_Problem statement_: Pictures excluded, output exactly the lines from the one containing "Happy Mountain First Oporto" through the last line of the listing below.

_Supplied data_:
※ ※ ※
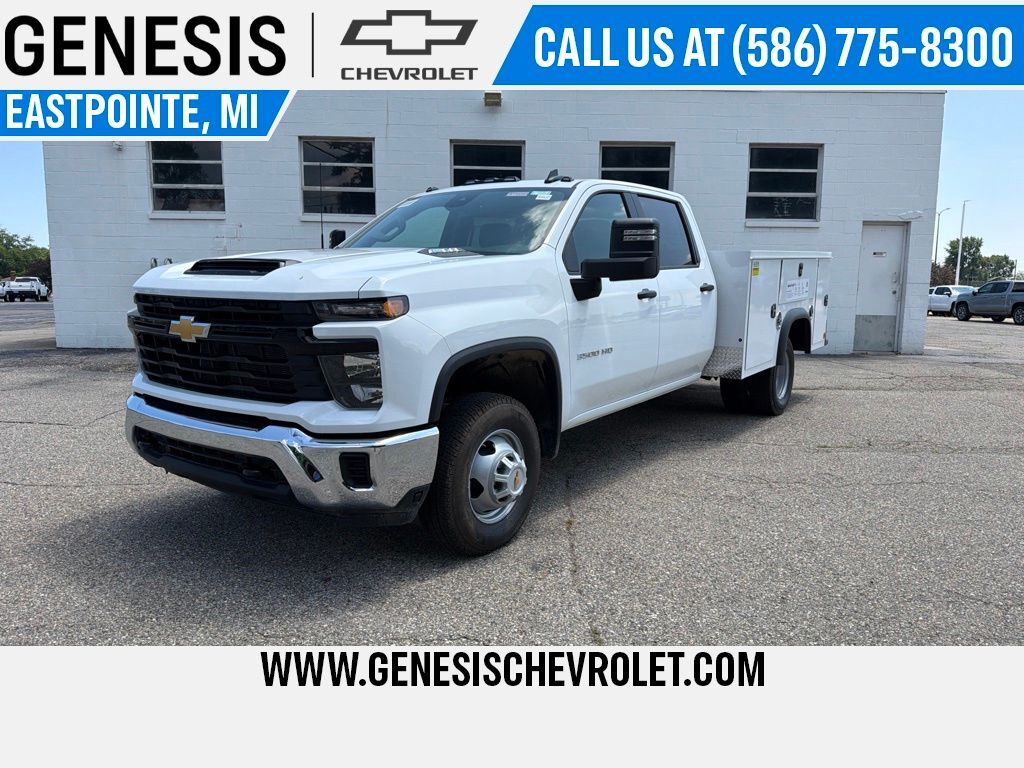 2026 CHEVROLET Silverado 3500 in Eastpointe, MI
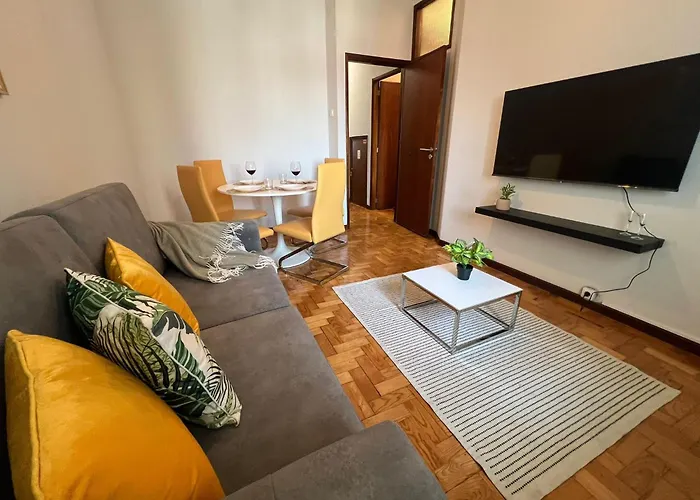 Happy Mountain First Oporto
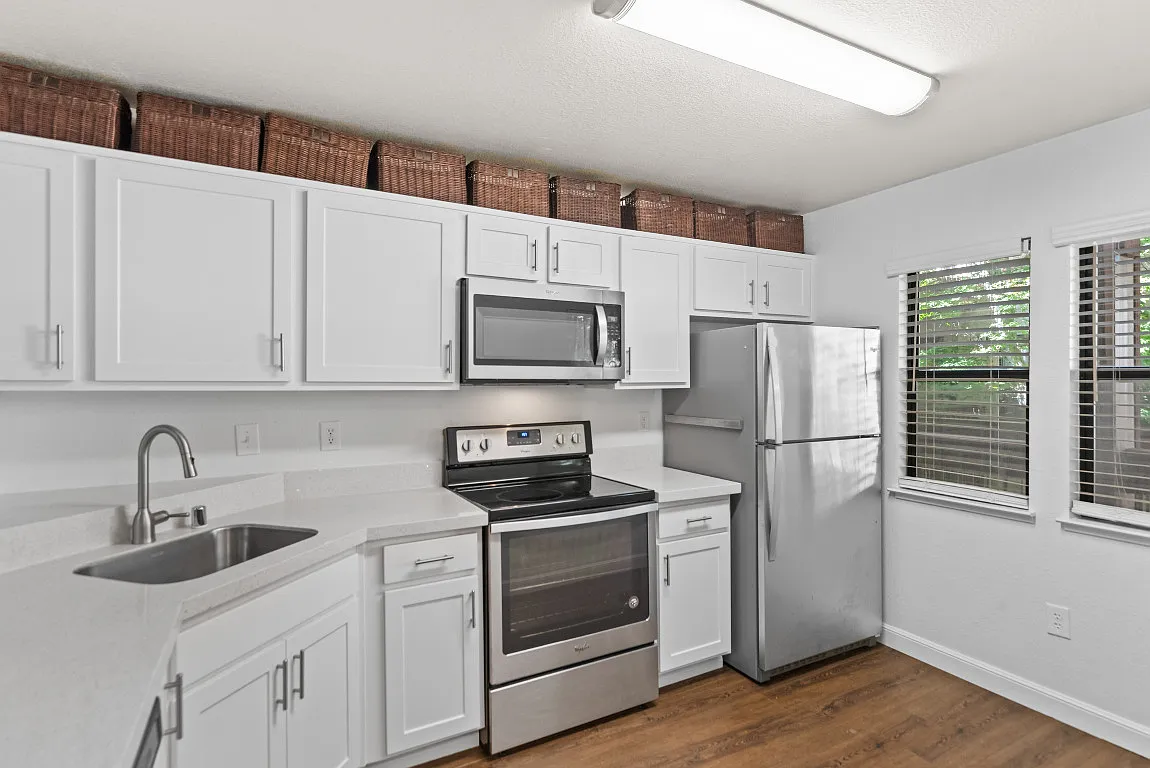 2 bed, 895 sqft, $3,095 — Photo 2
※ ※ ※
_Response area_:
 Happy Mountain First Oporto
 2 bed, 895 sqft, $3,095 — Photo 2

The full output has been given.